— Exercise prompt —
Your answer should be only the lines below from the one with "Nonesuch Chapter 63" to the one with "What are the", repeated exactly, ends included.

— Records to process —
--- START ---

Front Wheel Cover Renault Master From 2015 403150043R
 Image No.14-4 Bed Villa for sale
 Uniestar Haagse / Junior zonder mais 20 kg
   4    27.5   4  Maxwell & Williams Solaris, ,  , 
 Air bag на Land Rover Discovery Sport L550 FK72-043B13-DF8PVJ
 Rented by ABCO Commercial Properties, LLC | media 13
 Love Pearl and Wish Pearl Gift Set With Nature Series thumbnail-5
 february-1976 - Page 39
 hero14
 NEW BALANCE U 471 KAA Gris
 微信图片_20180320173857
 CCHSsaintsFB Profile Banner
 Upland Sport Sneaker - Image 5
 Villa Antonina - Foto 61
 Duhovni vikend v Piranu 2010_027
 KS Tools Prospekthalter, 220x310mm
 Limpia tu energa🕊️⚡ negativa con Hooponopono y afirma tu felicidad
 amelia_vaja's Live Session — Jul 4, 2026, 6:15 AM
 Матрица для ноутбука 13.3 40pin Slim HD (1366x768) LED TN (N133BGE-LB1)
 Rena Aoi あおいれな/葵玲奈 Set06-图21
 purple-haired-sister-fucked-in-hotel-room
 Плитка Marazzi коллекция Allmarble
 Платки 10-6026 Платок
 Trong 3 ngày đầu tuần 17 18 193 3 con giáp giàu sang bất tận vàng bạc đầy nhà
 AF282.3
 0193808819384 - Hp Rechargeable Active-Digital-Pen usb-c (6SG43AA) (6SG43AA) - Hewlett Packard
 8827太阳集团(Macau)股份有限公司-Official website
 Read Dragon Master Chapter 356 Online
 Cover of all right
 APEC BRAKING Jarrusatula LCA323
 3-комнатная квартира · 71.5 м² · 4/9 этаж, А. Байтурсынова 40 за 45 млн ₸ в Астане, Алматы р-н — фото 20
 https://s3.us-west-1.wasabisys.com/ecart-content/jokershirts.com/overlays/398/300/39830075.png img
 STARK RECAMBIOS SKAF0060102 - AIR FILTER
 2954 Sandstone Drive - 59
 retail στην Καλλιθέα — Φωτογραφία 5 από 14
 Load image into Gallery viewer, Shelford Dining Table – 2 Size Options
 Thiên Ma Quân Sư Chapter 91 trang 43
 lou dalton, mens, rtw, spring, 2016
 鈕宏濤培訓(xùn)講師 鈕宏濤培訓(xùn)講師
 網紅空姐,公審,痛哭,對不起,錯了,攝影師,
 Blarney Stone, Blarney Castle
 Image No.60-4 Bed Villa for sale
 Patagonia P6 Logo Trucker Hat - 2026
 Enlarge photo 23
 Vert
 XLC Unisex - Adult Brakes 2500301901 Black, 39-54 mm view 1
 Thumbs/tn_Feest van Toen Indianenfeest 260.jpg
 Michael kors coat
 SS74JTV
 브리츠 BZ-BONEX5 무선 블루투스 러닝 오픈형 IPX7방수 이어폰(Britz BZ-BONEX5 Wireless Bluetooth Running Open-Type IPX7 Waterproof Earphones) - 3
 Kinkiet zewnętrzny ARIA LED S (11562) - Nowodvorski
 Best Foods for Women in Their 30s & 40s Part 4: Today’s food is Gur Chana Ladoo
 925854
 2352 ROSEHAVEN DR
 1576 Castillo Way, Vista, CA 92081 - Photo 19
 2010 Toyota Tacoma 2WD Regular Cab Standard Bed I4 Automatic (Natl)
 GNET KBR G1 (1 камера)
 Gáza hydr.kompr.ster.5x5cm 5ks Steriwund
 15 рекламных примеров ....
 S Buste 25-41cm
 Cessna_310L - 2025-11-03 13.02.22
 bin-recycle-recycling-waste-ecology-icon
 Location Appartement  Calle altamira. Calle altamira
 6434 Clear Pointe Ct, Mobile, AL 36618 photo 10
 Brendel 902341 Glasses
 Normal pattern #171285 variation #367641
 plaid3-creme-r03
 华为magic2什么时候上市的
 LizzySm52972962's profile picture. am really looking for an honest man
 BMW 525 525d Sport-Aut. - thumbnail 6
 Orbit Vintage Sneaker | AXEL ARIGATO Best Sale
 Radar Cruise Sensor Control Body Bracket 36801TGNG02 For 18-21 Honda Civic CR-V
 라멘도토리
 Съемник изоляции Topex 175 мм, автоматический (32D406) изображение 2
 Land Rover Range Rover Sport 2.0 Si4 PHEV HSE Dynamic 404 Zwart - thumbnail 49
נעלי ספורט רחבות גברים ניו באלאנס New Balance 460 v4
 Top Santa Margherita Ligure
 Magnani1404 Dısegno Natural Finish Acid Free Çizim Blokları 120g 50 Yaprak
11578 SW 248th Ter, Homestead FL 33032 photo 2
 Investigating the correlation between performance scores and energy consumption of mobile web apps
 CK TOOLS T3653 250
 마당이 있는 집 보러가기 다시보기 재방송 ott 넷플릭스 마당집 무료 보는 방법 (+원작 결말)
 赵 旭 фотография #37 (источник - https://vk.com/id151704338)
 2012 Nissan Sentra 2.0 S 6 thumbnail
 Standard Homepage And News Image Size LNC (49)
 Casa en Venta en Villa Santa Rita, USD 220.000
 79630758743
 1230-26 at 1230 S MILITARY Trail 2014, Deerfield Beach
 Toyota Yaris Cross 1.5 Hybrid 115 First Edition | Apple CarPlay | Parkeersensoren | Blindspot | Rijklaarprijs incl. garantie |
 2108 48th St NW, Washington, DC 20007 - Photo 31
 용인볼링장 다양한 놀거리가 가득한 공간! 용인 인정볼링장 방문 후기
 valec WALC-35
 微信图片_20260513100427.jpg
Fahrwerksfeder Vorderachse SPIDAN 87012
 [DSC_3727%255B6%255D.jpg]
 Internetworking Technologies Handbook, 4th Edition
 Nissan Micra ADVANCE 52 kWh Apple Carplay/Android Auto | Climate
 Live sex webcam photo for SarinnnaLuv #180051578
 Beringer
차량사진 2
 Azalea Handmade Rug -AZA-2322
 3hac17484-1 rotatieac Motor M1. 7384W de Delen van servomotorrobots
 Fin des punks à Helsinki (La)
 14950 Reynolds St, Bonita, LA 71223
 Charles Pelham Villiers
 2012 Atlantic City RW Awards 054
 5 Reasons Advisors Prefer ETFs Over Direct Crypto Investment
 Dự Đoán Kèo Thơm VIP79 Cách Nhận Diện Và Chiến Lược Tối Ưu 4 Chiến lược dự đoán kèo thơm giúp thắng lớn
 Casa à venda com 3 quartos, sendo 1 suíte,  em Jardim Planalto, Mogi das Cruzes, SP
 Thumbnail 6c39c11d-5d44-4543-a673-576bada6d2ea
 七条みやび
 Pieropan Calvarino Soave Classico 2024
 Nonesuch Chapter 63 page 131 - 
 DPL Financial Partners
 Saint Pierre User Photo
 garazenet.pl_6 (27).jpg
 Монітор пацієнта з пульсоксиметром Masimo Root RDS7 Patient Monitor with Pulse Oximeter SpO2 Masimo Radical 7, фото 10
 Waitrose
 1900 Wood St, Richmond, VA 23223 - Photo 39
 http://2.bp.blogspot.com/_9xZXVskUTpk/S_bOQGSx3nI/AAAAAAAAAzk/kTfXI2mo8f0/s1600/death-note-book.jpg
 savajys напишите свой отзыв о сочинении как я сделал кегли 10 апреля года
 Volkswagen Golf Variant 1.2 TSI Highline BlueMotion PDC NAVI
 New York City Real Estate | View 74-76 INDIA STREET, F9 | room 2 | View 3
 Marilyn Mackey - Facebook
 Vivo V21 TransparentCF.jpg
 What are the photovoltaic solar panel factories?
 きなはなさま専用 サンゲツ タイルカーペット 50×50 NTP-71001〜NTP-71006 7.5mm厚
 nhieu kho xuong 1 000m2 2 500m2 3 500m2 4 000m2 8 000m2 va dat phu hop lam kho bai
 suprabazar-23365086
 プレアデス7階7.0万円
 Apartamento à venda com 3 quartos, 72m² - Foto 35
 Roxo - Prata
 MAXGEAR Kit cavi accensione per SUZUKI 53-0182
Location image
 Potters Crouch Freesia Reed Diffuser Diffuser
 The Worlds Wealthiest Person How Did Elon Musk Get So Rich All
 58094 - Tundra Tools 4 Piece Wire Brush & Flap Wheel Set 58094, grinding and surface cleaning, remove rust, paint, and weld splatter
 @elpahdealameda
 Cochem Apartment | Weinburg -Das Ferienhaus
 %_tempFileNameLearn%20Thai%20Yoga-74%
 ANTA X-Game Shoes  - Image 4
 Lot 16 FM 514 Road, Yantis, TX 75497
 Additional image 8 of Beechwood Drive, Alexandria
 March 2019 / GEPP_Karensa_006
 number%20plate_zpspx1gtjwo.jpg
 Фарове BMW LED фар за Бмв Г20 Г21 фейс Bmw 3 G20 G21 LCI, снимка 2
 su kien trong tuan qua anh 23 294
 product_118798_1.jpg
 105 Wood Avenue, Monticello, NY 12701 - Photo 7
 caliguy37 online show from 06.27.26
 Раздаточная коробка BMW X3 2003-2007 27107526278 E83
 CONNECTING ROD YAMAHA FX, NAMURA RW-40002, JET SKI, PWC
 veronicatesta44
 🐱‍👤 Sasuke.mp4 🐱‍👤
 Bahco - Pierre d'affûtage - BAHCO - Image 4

--- END ---

— Answer —
 Nonesuch Chapter 63 page 131 - 
 DPL Financial Partners
 Saint Pierre User Photo
 garazenet.pl_6 (27).jpg
 Монітор пацієнта з пульсоксиметром Masimo Root RDS7 Patient Monitor with Pulse Oximeter SpO2 Masimo Radical 7, фото 10
 Waitrose
 1900 Wood St, Richmond, VA 23223 - Photo 39
 http://2.bp.blogspot.com/_9xZXVskUTpk/S_bOQGSx3nI/AAAAAAAAAzk/kTfXI2mo8f0/s1600/death-note-book.jpg
 savajys напишите свой отзыв о сочинении как я сделал кегли 10 апреля года
 Volkswagen Golf Variant 1.2 TSI Highline BlueMotion PDC NAVI
 New York City Real Estate | View 74-76 INDIA STREET, F9 | room 2 | View 3
 Marilyn Mackey - Facebook
 Vivo V21 TransparentCF.jpg
 What are the photovoltaic solar panel factories?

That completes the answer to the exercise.